Fleischeslust

Sonja M. Winkler

von Sonja M. Winkler

Story

May I? Darf ich? Sie streicht vorsichtig über seinen Bizeps. Blickt auf, sieht ihm in die Augen. May I, wiederholt sie. Er nickt. Yes. Ein Lächeln auf den Lippen, das sagt, dass er ihre Berührung genießt. May I? Für jede Berührung holt sie Erlaubnis ein. Yes, haucht Leo. Ihre Hand gleitet über den nackten Oberkörper, she runs her fingers over his sixpack, gently and slowly, then touches his abs. Wendet sich plötzlich ab. What’s the matter, Nancy?

Scheu und Angst, dieses Gefühl zuzulassen, das sie in diesem Augenblick spürt. Erregung. Arousal.

Als der Film „Good Luck to You, Leo Grande“ bei der Berlinale heuer im Februar vorgestellt wurde, war er ein großer Erfolg, vor allem dank der beiden Hauptdarsteller. Den Namen Daryl McCormack (geboren 1993; er spielt Leo, den Callboy) kann man sich merken. Er ist eine Augenweide, und die routinierte Emma Thompson (Jahrgang 1959) spielt ihn keineswegs an die Wand. Die beiden sind ein umwerfendes Duo. Sie verkörpert Nancy, a 60-year old widow who’s a bit uptight, spielt sie grandios – und vor allem glaubwürdig.

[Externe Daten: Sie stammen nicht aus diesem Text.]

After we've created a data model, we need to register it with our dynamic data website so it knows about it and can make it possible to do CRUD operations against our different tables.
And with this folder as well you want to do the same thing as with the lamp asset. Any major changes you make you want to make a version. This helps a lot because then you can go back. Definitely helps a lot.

So what’s your fantasy, Nancy, fragt Leo. What would you like? I want … sex, sagt Nancy und reicht ihm eine Liste. Which item do you want to start with?

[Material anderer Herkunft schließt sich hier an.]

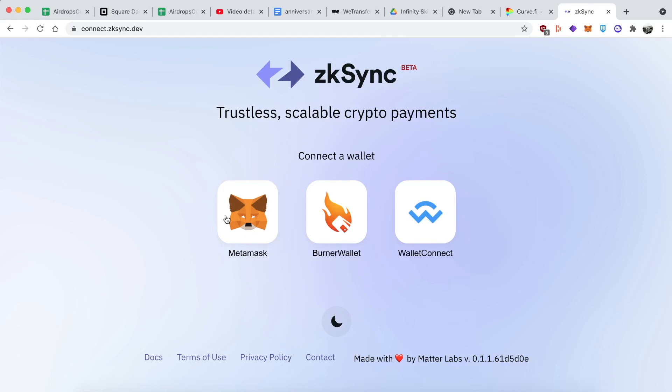For those who have no idea what this is, ZK Sync is a highly anticipated ZK rollup. It's a layer two solution that's considered much more advanced than optimistic rollups. The tech is really cool and transactions are really cheap — just a fraction of a penny or maybe a penny to do some swaps. I've been attending the ZK Sync community calls lately and they're pretty much overtly saying that they will have a token, and pretty much everyone is looking for ways they can interact with ZK Sync technology and position themselves for a future airdrop.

Bei der Berlinale verrät Emma Thompson (Glitzer- Blazer in Pink), dass es vor den Dreharbeiten zum Film Aufwärmübungen gab. There were several rehearsals, sagt sie, as a kind of warm-up. Die Paar-Übung, die sie in der Folge beschreibt, ruft Erinnerungen in mir wach. Der Boden des Saals war mit Bögen von Packpapier ausgelegt. Ich liege auf dem Rücken. Leo (er hieß natürlich anders) fährt meine Konturen nach, mit einem Stift und färbelt die Körperteile, mit denen ich zufrieden bin, rot an. Blau jene, mit denen ich hadere. Und dann, sagt Emma Thompson, gab es noch Übungen, in denen sie und Leo nackt waren.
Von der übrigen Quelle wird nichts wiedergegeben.